**TASK GOAL:** Repeat every entry exactly. Pictures stay out.

Records from a collection
***
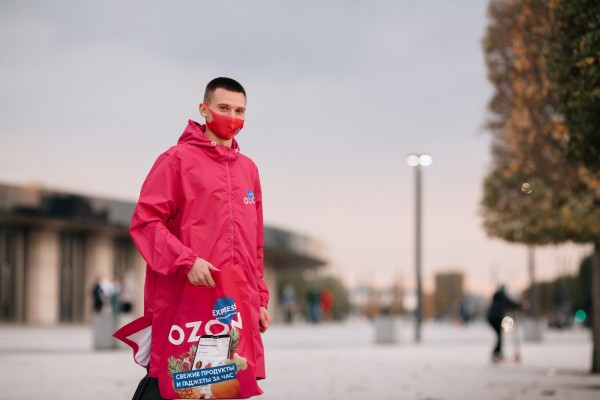 В Краснодаре появился сервис быстрой доставки Ozon Express. Рассказываем, как он работает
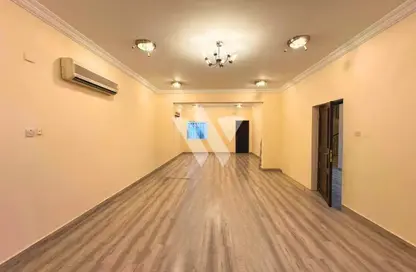 Villa - 5 Bedrooms - 5 Bathrooms for rent in Duhail Villas - Al Duhail - Doha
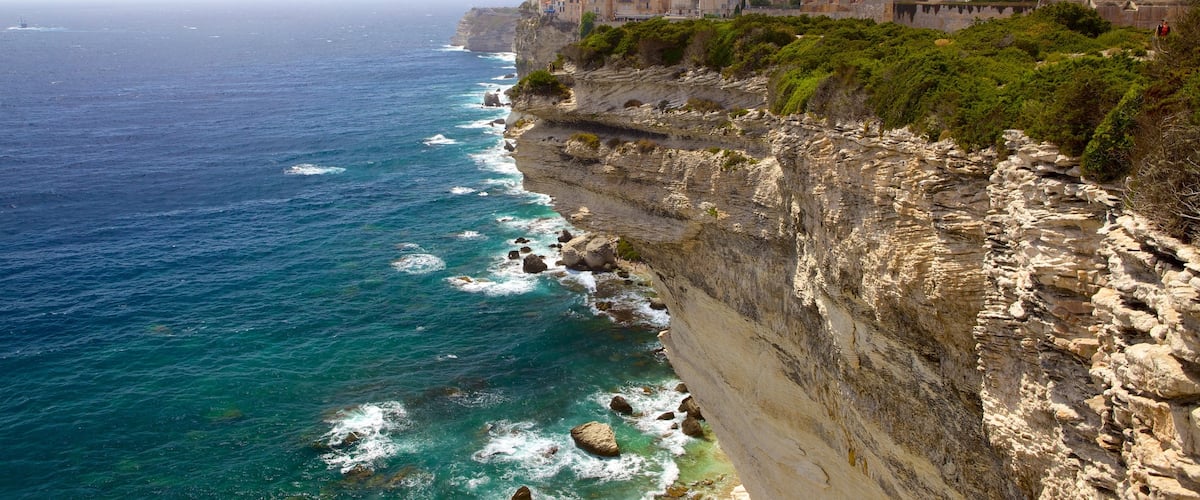 Bonifacio เนื้อเรื่องที่ เมืองชายฝั่ง และ ชายฝั่งหิน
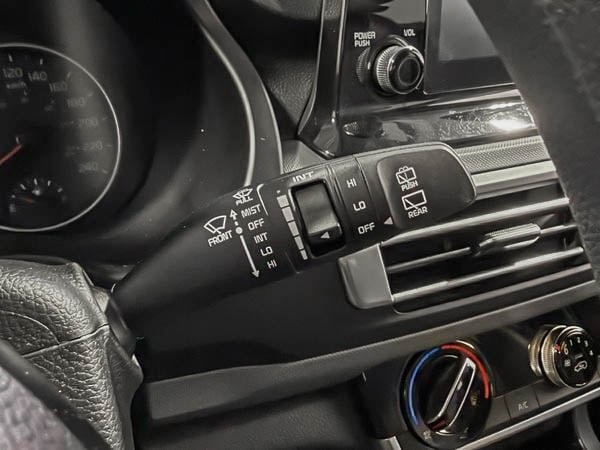 Kia Seltos LX 2022-17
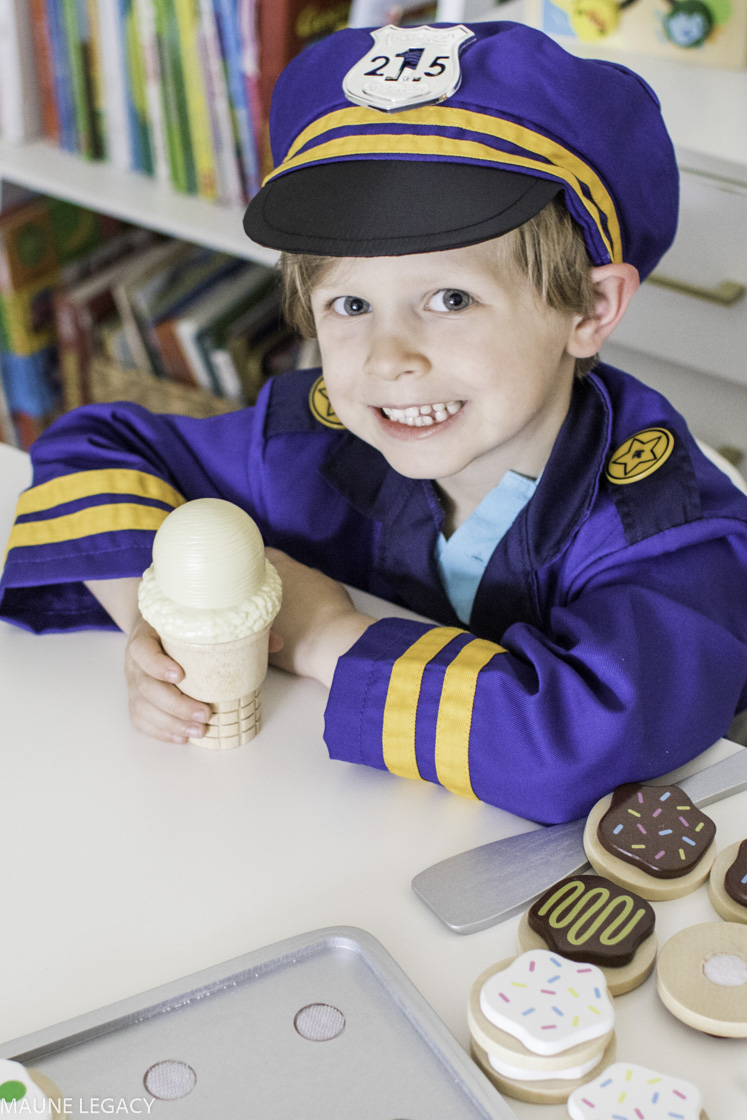 Top Arkansas lifestyle blogger, Jennifer from Maune Legacy, shares the best toys to help your child reach developmental milestones. Click here to read!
***
**WRITTEN REPLY:**
 В Краснодаре появился сервис быстрой доставки Ozon Express. Рассказываем, как он работает
 Villa - 5 Bedrooms - 5 Bathrooms for rent in Duhail Villas - Al Duhail - Doha
 Bonifacio เนื้อเรื่องที่ เมืองชายฝั่ง และ ชายฝั่งหิน
 Kia Seltos LX 2022-17
 Top Arkansas lifestyle blogger, Jennifer from Maune Legacy, shares the best toys to help your child reach developmental milestones. Click here to read!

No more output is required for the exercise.